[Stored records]
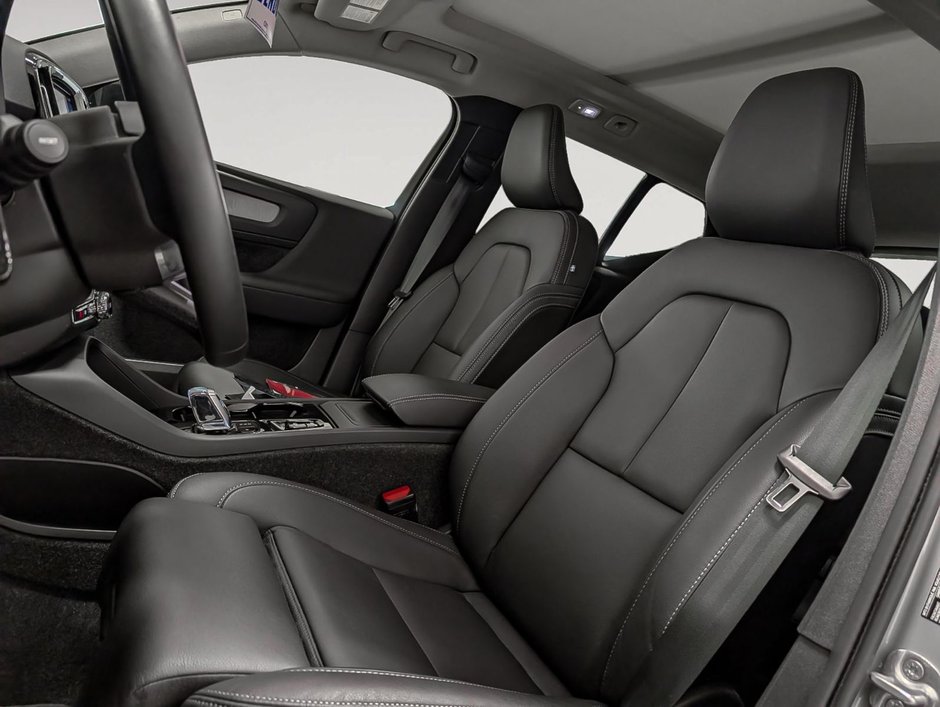 Volvo XC40 B5 AWD Plus Dark Theme 2025-8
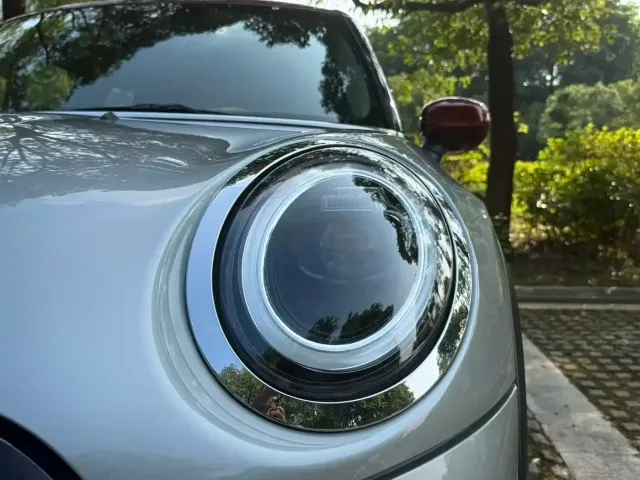 MINI Hatch — Фото автомобиля 4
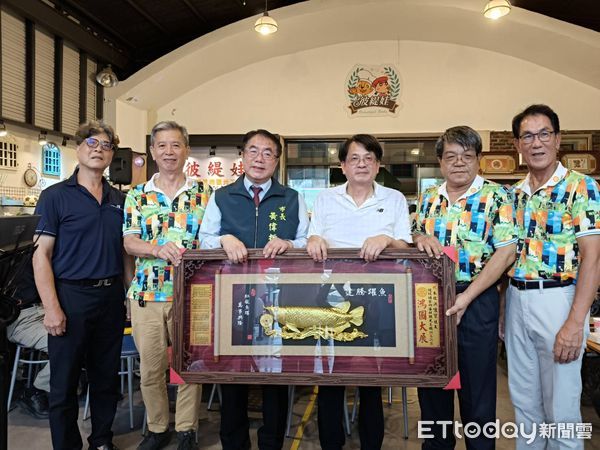 ▲台南市長黃偉哲等人出席彼緹娃藝術蛋糕觀光工廠盛大重新開幕剪綵。（記者林東良翻攝，下同）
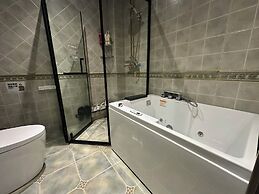 Laoshan Swan Castle Vacation Garden B&B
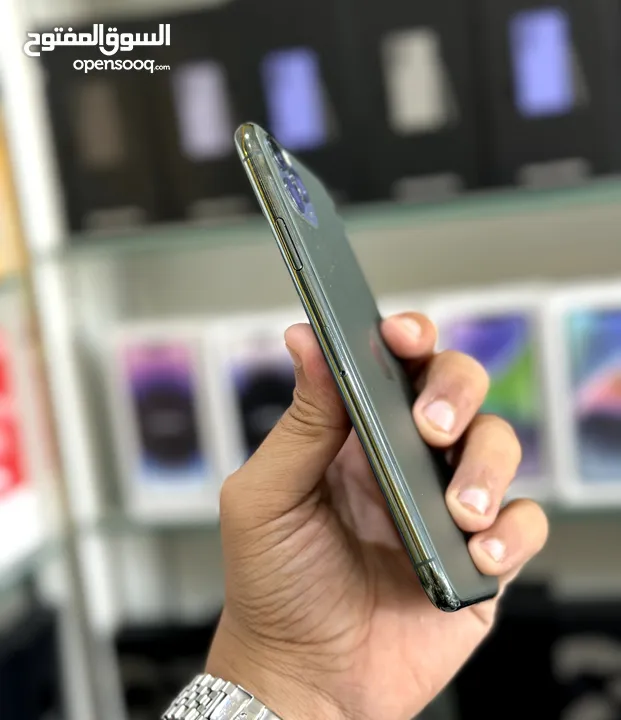 عرض خاص : iPhone 11 pro max 256gb هاتف نظيف جدا بحالة الوكالة بدون اي شموخ أو مشاكل مع ضمان و ملحقات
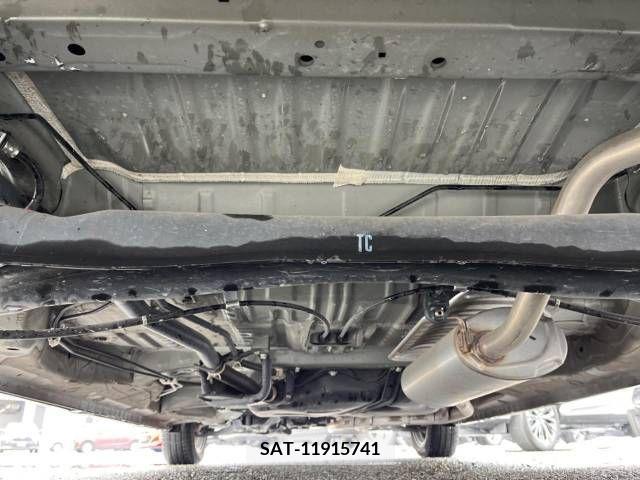 Honda N BOX CUSTOM 2019-05 215837-19
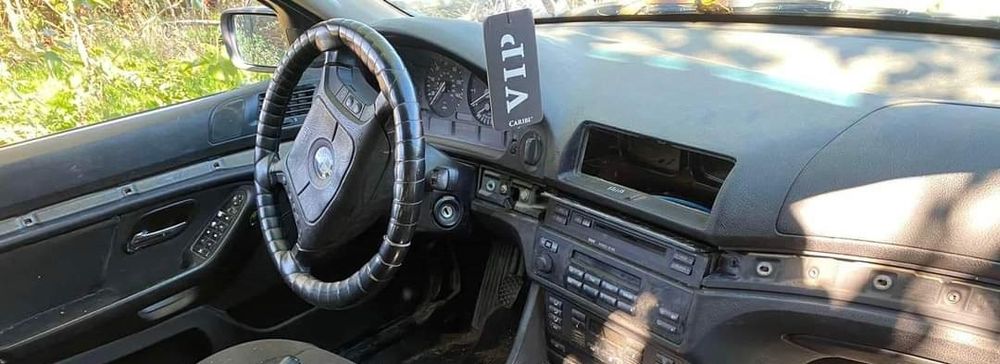 Щипки с  пластини за лайсните на таблото BMW е38 е39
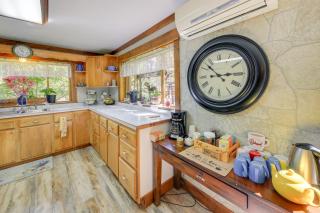 Libby Home with Mountain Views Gazebo and Fire Pit! - Libby - 4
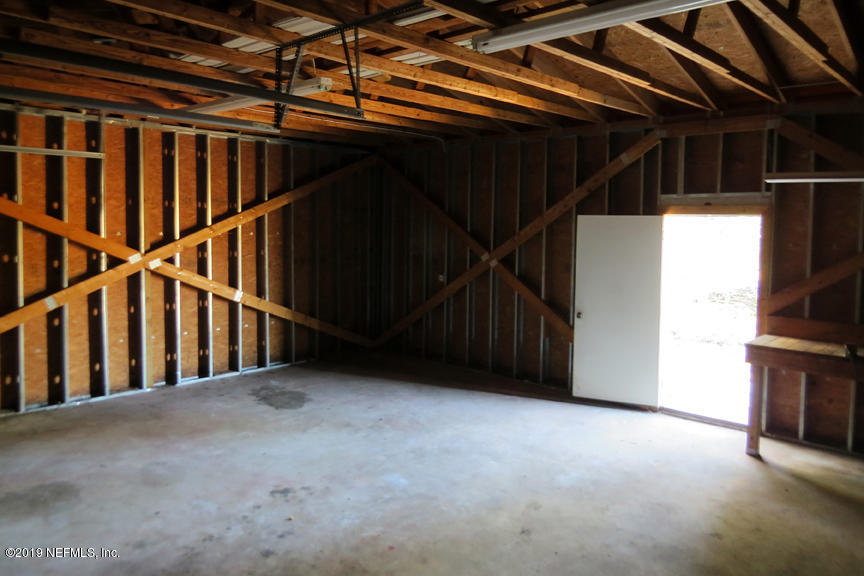 13416 Grover Road Jacksonville, FL 32226 - Photo 38 of 39 038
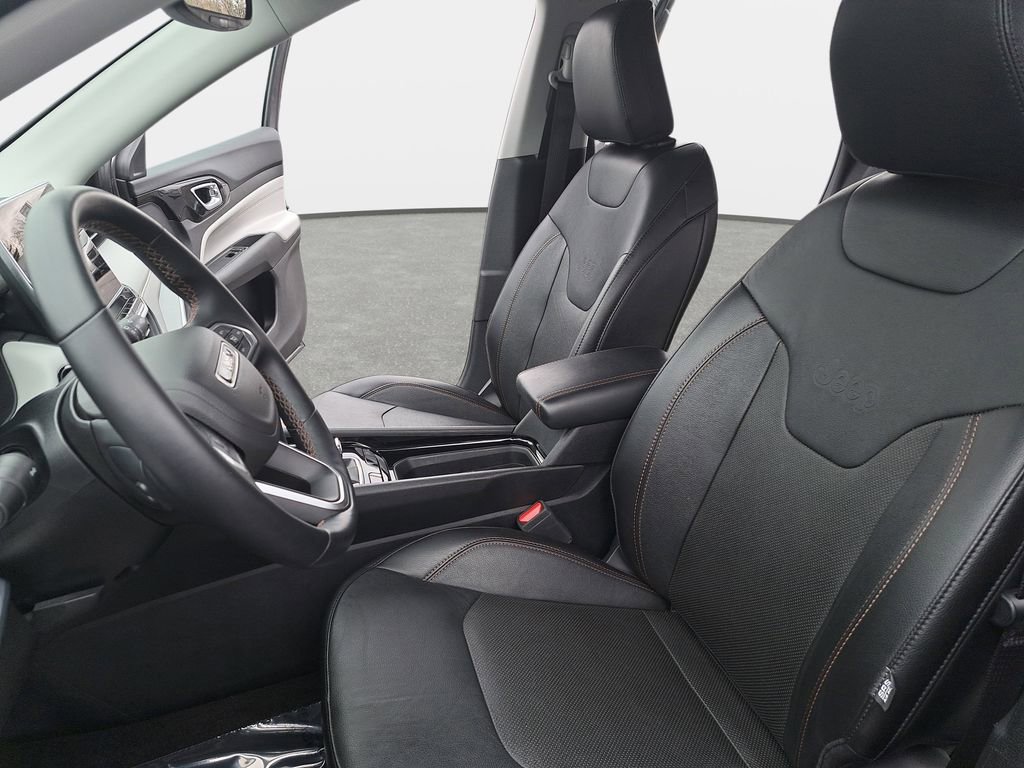 Certified 2022 Jeep Compass Limited AWD/4WD image 16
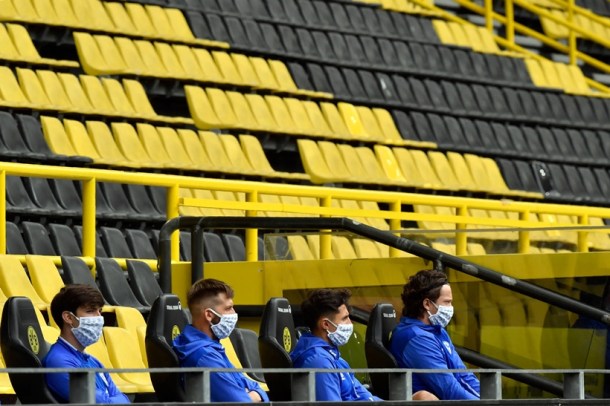 dortmund subs distancing
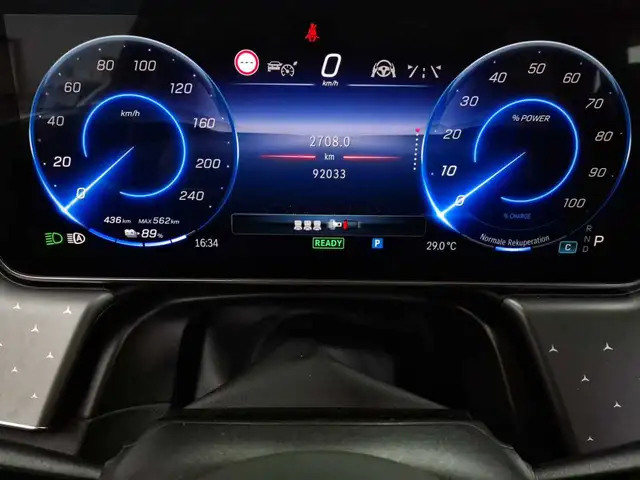 Mercedes-Benz Eqe view 11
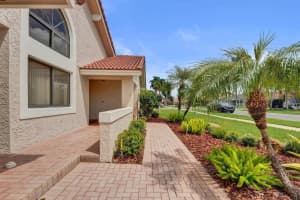 1541 W Oak Knoll Cir, Davie, FL 33324 Sold 11/05/25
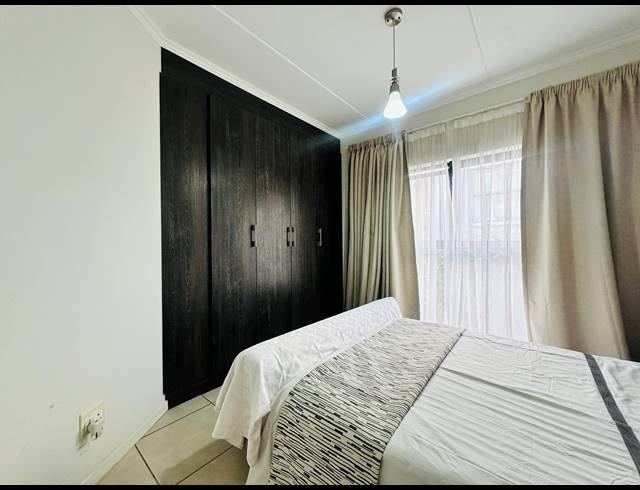 3 BEDROOM APARTMENT TO LET IN MODDERFONTEIN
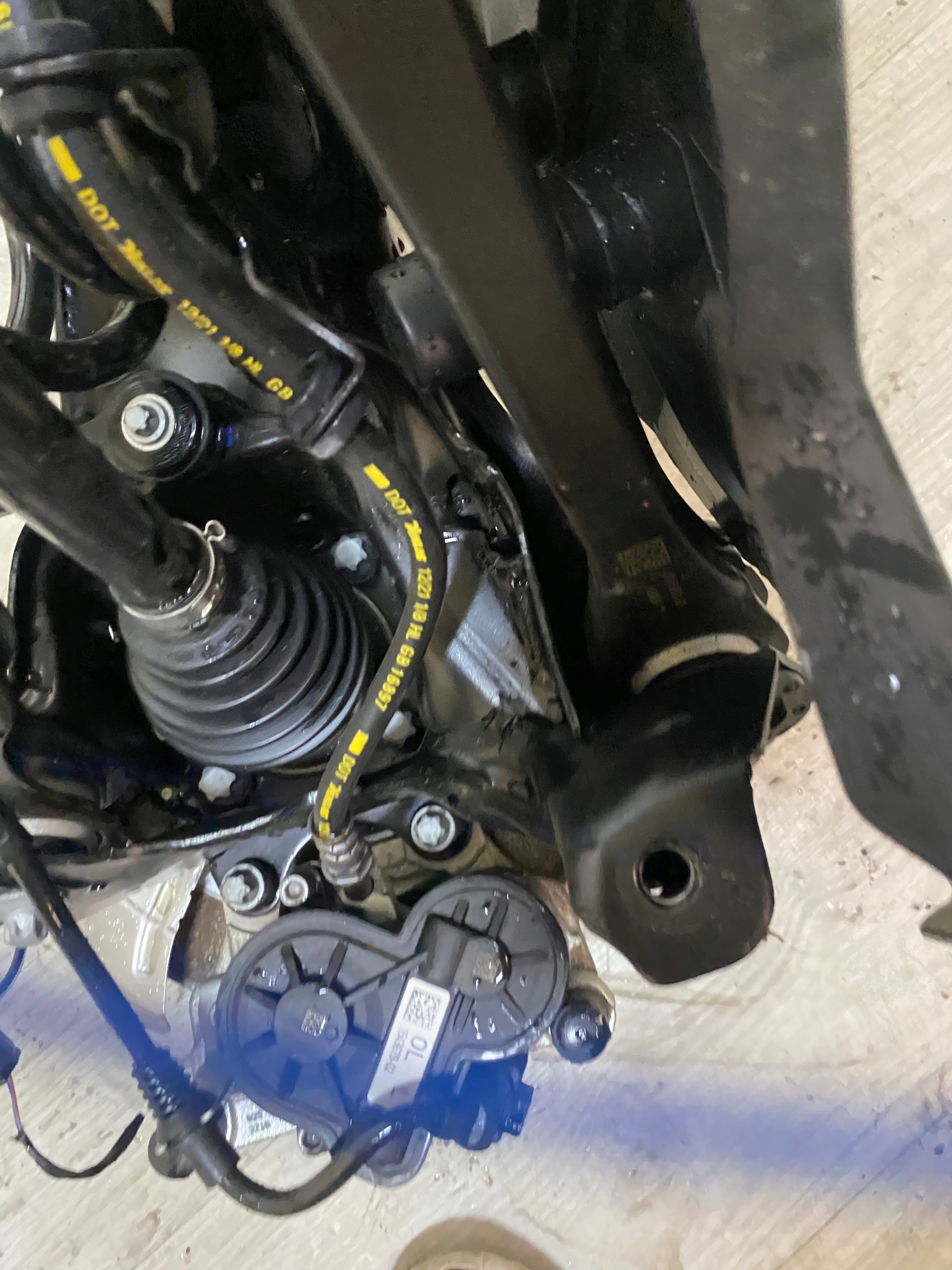 BMW 1 F40 swing arm semi-axis left rear part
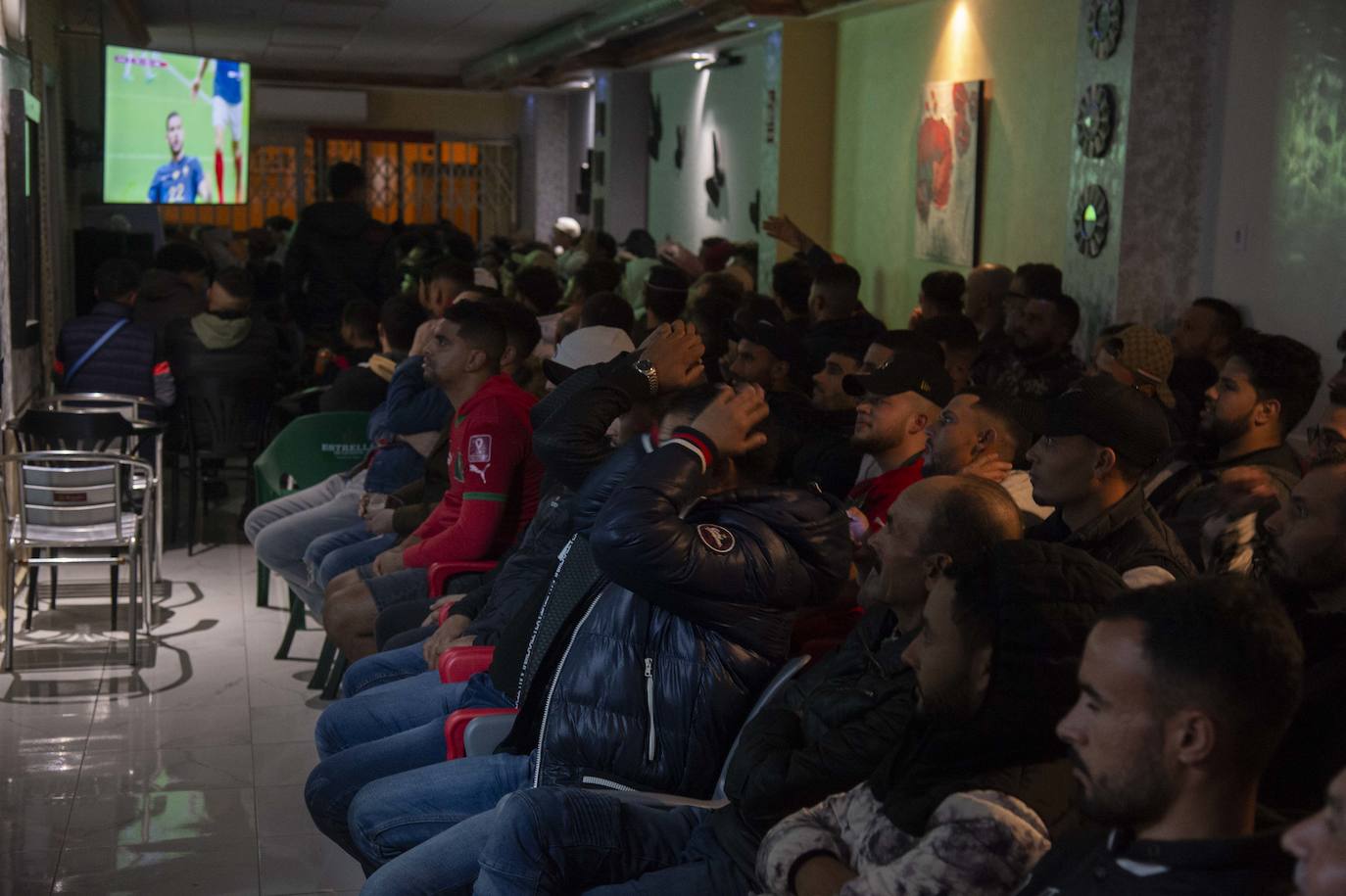 Fotos: Los aficionados de Marruecos se resignan tras la derrota ante Francia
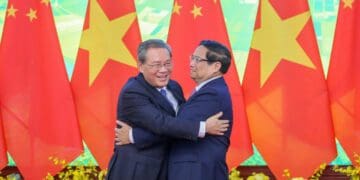 Los primeros ministros de Vietnam, Pham Minh Chinh (drcha.), y China, Li Qiang, se abrazan el 13 de octubre de 2024 en Hanói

## What the task requires
Copy exactly, and copy nothing else: the lines from the one containing "dortmund subs distancing" through the end of the data, both ends included, with pictures left out.

## Answer space
 dortmund subs distancing
 Mercedes-Benz Eqe view 11
 1541 W Oak Knoll Cir, Davie, FL 33324 Sold 11/05/25
 3 BEDROOM APARTMENT TO LET IN MODDERFONTEIN
 BMW 1 F40 swing arm semi-axis left rear part
 Fotos: Los aficionados de Marruecos se resignan tras la derrota ante Francia
 Los primeros ministros de Vietnam, Pham Minh Chinh (drcha.), y China, Li Qiang, se abrazan el 13 de octubre de 2024 en Hanói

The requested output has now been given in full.